Mt. Daibosatsu (大菩薩峠 – 2,057 meters), in Yamanashi Prefecture, was my second hyakumeizan and also the second of my #100Summits* climbs.
I was still learning a lot about the mountains, and myself, in May 2018. I had finished chemotherapy less than two months earlier, and had almost no experience on mountain trails.
I had purchased a basic set of hiking gear from REI before I left the United States, but was still missing an important piece of climbing gear: a bear bell.
The mountains of Japan have a healthy population of Asiatic black bears (Ursus thibetanus), and although they don’t hunt hikers, people do occasionally suffer injuries (and, more rarely, death) after accidentally startling a bear on mountain trails.
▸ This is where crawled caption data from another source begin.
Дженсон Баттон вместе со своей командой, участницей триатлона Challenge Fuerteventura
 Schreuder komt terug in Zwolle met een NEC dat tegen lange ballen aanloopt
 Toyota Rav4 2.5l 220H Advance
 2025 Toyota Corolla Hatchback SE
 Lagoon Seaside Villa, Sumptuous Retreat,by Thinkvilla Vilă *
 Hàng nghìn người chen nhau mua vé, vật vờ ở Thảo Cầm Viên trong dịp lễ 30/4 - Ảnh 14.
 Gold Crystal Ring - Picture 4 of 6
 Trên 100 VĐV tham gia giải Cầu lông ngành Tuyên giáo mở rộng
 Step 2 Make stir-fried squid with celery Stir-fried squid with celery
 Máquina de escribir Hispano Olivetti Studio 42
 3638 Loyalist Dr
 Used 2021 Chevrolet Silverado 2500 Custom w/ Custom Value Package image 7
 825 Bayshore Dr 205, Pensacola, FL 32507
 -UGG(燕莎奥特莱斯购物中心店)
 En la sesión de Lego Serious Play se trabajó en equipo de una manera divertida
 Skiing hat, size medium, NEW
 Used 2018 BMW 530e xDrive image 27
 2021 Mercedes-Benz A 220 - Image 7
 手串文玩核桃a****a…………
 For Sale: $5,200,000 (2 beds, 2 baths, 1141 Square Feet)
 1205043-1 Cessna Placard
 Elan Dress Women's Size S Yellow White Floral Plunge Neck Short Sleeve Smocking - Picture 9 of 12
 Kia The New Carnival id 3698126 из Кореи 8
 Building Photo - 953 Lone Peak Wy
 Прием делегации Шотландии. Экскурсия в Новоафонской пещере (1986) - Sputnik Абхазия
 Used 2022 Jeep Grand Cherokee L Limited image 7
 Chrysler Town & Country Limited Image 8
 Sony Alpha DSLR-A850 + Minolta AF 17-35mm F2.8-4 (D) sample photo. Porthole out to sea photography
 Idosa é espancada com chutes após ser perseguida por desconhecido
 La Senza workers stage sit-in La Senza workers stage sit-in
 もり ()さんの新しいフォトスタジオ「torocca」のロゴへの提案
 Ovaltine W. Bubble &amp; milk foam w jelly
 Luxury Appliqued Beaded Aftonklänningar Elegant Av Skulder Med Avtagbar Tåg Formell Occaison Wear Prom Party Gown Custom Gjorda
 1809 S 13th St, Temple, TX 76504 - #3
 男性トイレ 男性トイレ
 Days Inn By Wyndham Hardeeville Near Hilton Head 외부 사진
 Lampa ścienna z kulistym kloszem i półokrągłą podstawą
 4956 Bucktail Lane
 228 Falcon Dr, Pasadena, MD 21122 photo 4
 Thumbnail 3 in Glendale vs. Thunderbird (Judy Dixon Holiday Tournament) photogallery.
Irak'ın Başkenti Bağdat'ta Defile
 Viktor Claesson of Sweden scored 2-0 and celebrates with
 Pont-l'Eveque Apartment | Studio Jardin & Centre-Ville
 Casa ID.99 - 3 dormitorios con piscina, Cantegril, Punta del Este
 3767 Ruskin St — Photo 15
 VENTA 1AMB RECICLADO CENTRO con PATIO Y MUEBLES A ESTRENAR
As a result, most Japanese hikers wear small bells that jingle to warn bears of their approach.
The bells have a variety of voices, from faint jingles that sound like fairy chimes to deep, brassy ringing that carries across long distances. Some people find them irritating, but I love their happy songs.
After finishing my first climb, on Mt. Akagi, I had bought a tiny fish-shaped omamori (lucky charm) bell at Akagi Shrine; it was supposed to bring good fortune, and I hung it on my pack in the hope that it would keep away the bears. It made a faint but magical jingling sound that made me smile every time I heard it.
Unfortunately, the tiny charm proved far too small and silent for a bear bell (though I love the way it sounds, and it’s still hanging from my pack today).
As I descended from the summit of Daibosatsu, I listened to the voices of the bells on other hikers’ packs. The ringing grew louder as they approached and faded as the distance between us grew. Each time I passed, or was passed by, another bell-wearing hiker, I felt a surge of desire to find a bear bell of my own.
The deep green woods were the perfect environment for bears, and although Daibosatsu’s trails were busy enough to keep me relatively safe (because I could take advantage of the bells the other hikers wore), I had plans to hike in remote places and would need a bear bell of my own.
More importantly, I wanted a jingling bell to accompany my hikes with cheerful sound. And I wanted not only a bell, but the right bell–a bell whose voice I enjoyed enough to spend countless hours listening to it on the forest trails.
When I passed a mountain hut that offered food and gear for sale, I looked for a bell, but they were out of stock. However, I did acquire a summit pin–the second one I had ever owned (or earned).
As it turned out, the “perfect bell” would elude me for three more weeks and five more peaks.
Where did I find it? That’s a story for another day.
*I tell the story of my 100 Summits adventure as a whole in CLIMB (Prometheus Books, June 2020); the stories I’m telling on the blog are the ones that didn’t make it into that book.